Après un séjour assez long au Japon, l'auteur a souhaité nous faire part de certaines impressions récentes que lui avait faites son pays. Elle développe cette idée d'une communauté Asie-Pacifique qui prend de plus en plus d'importance dans les esprits japonais et qui pourrait s'opposer à un « éventuel protectionnisme européen ». Par ailleurs, nombreux sont les États de cette région qui craignent le leadership de l'Empire du Soleil-Levant ; d'où une grande circonspection dans la mise en place des institutions de cette communauté.
Une nouvelle frontière du Japon : la communauté Asie-Pacifique
La relance de la Communauté économique européenne, avec l’adoption de l’Acte unique en juin 1985 et surtout son entrée en vigueur en juillet 1988, a suscité une réaction asiatique que les dirigeants européens n’avaient sans doute pas envisagée. Au Japon, en particulier, le surgissement d’une « forteresse Europe » a fait revenir à la surface le mythe de la « Communauté Asie-Pacifique » qui a pris forme après la Première Guerre mondiale.
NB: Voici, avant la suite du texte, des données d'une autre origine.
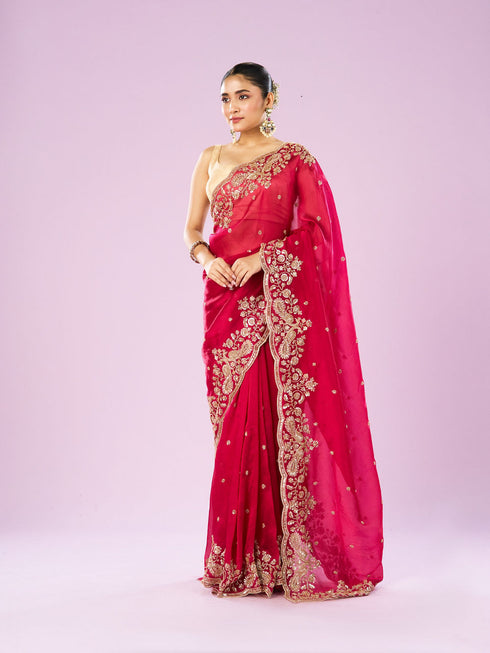Mohey Blossomed Pink Organza Saree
Il relevait jusqu’ici à la fois du tabou et du rêve diffus, tant il ravivait, aussi bien pour les Japonais eux-mêmes que pour leurs voisins, de bien cauchemardesques souvenirs. Mais le fantasme d’un éventuel « protectionnisme régional européen » que le Japon, en particulier, appréhende, donne aujourd’hui à ce mythe ancien et redouté une dimension beaucoup plus acceptable.
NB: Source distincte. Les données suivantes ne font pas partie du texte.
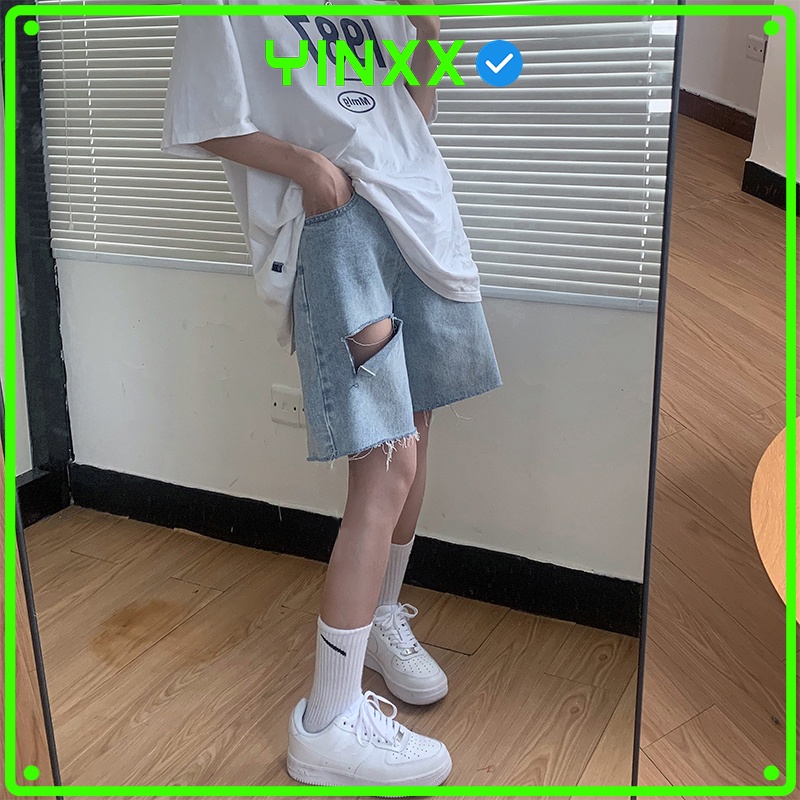  Quần short jean unisex Yinxx, quần bò ulzzang nam nữ QSJ01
L’actuelle évolution du marché européen a, en effet, catalysé ce qui était en gestation depuis plus de vingt ans. L’idée de la création d’une zone de libre-échange entre cinq pays du Pacifique (Australie, Nouvelle-Zélande, Canada, Japon, États-Unis) avait été proposée, dès 1965, par un cercle d’économistes japonais en réponse à la création d’une communauté économique européenne. Idée, il est vrai, qui était restée dans les limbes. Plus récemment, en 1980, un projet similaire fut proposé par l’ancien ministre japonais Masayoshi Ohira. Cela aboutit dans un premier temps à l’organisation d’un séminaire sur la « Communauté Pacifique » (Pacific Community Seminar) qui, avec l’accord du Premier ministre australien d’alors, Malcolm Fraser, se tint à Canberra. Les États-Unis reçurent assez mal une telle initiative, tout comme les pays de l’Asie du Sud-Est, toujours méfiants à l’endroit de tout projet qui rappellerait la création d’une « sphère de coprospérité ». Bref, ce projet ne pouvait se développer qu’avec une immense discrétion…
Aujourd’hui, cependant, la puissance économique et financière du Japon a relativisé l’influence jusque-là hégémonique des États-Unis. Tout en restant prudents à l’égard du Japon et de son éventuel impérialisme, les autres pays asiatiques participent, en outre, à ses circuits économiques et financiers et le mythe d’une « communauté économique » du Pacifique n’apparaît plus aussi invraisemblable.